Content starts

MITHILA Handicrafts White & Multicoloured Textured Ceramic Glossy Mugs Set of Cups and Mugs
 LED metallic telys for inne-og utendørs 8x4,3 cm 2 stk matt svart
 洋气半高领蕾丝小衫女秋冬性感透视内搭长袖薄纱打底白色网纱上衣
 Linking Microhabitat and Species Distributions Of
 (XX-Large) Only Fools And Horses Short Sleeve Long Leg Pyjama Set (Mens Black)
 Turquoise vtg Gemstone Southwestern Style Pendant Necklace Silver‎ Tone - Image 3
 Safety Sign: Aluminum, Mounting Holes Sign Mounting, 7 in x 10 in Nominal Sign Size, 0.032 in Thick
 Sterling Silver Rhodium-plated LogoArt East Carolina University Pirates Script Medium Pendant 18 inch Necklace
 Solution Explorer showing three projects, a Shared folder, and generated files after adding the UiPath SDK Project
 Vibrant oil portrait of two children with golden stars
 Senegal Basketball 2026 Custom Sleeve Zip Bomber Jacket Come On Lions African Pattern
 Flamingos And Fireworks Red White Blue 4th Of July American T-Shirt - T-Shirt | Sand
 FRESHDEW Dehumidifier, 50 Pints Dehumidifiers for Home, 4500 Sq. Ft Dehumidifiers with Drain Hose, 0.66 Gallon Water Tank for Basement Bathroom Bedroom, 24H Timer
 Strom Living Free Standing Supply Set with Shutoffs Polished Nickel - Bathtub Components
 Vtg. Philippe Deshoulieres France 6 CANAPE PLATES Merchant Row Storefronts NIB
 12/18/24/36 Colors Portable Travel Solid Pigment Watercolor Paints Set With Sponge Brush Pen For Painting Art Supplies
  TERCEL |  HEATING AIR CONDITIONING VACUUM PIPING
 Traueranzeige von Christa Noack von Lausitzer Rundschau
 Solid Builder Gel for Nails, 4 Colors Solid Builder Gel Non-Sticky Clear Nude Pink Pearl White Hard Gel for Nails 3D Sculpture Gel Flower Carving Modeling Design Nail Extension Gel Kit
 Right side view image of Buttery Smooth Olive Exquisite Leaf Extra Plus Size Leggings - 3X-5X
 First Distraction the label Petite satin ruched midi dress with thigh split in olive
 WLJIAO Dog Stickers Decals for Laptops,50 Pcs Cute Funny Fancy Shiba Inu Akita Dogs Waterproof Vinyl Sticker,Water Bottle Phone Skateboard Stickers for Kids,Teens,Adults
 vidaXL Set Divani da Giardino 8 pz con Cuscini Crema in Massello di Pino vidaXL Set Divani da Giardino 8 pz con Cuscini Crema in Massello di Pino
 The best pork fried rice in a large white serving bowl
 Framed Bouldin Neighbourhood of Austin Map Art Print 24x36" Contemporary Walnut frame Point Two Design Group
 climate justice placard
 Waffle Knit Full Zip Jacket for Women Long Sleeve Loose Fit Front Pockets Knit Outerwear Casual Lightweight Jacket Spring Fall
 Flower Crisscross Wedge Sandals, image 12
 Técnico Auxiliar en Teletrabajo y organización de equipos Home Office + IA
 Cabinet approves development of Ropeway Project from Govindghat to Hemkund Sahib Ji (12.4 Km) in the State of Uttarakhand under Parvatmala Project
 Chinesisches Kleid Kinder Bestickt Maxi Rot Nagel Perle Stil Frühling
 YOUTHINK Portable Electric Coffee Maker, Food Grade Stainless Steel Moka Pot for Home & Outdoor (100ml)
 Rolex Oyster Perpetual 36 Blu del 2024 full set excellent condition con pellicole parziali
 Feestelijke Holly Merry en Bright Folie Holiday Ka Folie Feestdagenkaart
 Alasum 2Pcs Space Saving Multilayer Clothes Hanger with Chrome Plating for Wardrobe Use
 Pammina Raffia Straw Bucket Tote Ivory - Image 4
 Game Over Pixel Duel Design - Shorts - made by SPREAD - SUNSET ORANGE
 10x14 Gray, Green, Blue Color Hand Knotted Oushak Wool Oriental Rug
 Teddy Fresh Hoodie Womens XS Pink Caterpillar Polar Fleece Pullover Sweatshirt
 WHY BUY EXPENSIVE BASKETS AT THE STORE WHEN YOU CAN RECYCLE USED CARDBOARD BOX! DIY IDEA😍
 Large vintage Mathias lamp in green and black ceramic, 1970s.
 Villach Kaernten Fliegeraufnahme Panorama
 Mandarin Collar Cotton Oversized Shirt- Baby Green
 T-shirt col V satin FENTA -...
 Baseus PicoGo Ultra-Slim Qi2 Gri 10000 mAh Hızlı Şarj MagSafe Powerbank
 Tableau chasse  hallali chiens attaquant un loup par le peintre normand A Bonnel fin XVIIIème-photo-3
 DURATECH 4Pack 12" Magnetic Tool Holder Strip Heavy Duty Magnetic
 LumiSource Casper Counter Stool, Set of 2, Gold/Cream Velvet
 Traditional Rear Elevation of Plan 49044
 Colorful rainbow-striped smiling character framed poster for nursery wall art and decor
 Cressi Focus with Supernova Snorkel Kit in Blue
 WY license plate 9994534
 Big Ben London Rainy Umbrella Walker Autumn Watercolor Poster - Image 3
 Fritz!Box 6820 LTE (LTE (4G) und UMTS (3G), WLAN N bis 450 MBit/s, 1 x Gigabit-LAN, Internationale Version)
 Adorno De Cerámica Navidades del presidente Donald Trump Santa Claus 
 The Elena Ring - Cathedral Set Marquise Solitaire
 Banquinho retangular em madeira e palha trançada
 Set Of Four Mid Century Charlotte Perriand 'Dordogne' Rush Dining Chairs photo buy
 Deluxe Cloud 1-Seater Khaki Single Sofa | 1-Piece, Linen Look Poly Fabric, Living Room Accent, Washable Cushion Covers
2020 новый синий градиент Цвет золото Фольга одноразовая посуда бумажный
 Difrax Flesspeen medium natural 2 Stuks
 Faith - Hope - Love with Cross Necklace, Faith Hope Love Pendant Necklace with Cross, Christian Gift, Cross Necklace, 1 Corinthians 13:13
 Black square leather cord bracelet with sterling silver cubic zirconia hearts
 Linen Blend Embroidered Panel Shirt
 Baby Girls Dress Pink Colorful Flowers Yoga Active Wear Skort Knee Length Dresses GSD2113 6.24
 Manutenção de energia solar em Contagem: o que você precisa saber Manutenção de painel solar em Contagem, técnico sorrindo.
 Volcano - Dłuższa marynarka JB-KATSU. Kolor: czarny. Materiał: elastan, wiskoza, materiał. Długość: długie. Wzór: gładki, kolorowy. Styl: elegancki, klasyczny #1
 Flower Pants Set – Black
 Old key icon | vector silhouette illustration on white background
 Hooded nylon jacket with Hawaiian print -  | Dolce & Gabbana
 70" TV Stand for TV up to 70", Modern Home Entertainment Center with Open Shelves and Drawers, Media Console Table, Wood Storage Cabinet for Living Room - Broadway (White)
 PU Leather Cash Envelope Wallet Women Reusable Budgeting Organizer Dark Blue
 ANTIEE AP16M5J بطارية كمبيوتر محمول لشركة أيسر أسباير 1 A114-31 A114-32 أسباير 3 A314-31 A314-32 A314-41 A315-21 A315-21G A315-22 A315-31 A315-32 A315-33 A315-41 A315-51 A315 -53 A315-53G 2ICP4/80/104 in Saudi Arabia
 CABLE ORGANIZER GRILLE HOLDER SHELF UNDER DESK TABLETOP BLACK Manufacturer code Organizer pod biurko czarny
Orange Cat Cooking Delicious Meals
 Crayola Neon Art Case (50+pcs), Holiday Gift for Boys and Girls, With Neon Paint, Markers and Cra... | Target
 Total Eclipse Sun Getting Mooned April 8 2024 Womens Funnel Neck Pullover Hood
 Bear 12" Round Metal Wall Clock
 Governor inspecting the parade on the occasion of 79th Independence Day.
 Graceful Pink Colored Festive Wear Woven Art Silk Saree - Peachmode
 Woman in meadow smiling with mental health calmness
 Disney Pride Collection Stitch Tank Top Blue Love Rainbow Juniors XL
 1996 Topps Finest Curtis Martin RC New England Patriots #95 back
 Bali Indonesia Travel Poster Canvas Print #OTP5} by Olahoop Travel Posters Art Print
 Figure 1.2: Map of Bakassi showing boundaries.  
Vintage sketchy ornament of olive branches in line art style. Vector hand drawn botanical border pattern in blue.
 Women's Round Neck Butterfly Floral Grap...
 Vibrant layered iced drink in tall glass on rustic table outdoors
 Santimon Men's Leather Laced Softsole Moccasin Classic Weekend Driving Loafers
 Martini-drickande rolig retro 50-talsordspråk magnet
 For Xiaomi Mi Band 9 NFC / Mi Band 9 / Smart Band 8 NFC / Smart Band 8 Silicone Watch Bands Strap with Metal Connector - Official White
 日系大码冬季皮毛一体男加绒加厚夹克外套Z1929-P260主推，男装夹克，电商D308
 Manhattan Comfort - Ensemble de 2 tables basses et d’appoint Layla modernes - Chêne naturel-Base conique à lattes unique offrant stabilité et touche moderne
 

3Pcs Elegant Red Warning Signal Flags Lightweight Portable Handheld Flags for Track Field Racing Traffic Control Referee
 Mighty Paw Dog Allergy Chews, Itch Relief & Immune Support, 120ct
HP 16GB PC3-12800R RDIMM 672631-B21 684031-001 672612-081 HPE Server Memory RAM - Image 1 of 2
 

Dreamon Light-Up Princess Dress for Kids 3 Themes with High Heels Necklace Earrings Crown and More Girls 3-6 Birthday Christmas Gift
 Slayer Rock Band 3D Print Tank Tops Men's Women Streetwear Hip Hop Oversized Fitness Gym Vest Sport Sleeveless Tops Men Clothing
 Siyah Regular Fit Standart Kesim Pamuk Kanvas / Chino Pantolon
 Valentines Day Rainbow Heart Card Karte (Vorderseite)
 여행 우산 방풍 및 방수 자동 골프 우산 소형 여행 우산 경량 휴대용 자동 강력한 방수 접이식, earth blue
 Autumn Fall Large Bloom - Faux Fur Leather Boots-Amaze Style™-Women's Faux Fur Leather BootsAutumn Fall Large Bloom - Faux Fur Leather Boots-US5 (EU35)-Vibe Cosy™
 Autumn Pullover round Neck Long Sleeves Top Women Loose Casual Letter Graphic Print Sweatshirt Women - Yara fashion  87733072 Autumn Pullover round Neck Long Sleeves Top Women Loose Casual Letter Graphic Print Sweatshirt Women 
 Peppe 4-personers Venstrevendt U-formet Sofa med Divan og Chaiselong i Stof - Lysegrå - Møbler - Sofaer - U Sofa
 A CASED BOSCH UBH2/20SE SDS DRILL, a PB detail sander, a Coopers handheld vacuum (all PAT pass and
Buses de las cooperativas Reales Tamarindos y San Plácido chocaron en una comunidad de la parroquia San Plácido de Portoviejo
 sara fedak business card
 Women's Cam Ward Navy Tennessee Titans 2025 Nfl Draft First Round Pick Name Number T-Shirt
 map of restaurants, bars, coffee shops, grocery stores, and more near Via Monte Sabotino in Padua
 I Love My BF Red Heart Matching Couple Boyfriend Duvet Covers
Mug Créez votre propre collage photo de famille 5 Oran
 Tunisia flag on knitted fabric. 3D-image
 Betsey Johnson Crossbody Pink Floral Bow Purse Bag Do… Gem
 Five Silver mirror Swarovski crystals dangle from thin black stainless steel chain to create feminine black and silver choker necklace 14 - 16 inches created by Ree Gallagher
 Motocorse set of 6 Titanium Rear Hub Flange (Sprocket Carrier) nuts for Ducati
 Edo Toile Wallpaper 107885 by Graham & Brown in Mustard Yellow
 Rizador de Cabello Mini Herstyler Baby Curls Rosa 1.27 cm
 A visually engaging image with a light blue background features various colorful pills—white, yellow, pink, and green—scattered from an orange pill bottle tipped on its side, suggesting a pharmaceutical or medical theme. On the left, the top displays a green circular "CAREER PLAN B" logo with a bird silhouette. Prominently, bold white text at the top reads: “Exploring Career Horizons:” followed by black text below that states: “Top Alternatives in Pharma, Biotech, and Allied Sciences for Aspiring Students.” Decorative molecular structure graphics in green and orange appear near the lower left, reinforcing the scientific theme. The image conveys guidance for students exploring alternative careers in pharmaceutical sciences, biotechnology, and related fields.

Content ends

* What to produce *
Taking the line with "Colorful rainbow-striped smiling" as the first and the line with "Manutenção de energia" as the last, retype that stretch of the data above exactly, with no other lines.

* Response to the exercise *
 Colorful rainbow-striped smiling character framed poster for nursery wall art and decor
 Cressi Focus with Supernova Snorkel Kit in Blue
 WY license plate 9994534
 Big Ben London Rainy Umbrella Walker Autumn Watercolor Poster - Image 3
 Fritz!Box 6820 LTE (LTE (4G) und UMTS (3G), WLAN N bis 450 MBit/s, 1 x Gigabit-LAN, Internationale Version)
 Adorno De Cerámica Navidades del presidente Donald Trump Santa Claus 
 The Elena Ring - Cathedral Set Marquise Solitaire
 Banquinho retangular em madeira e palha trançada
 Set Of Four Mid Century Charlotte Perriand 'Dordogne' Rush Dining Chairs photo buy
 Deluxe Cloud 1-Seater Khaki Single Sofa | 1-Piece, Linen Look Poly Fabric, Living Room Accent, Washable Cushion Covers
2020 новый синий градиент Цвет золото Фольга одноразовая посуда бумажный
 Difrax Flesspeen medium natural 2 Stuks
 Faith - Hope - Love with Cross Necklace, Faith Hope Love Pendant Necklace with Cross, Christian Gift, Cross Necklace, 1 Corinthians 13:13
 Black square leather cord bracelet with sterling silver cubic zirconia hearts
 Linen Blend Embroidered Panel Shirt
 Baby Girls Dress Pink Colorful Flowers Yoga Active Wear Skort Knee Length Dresses GSD2113 6.24
 Manutenção de energia solar em Contagem: o que você precisa saber Manutenção de painel solar em Contagem, técnico sorrindo.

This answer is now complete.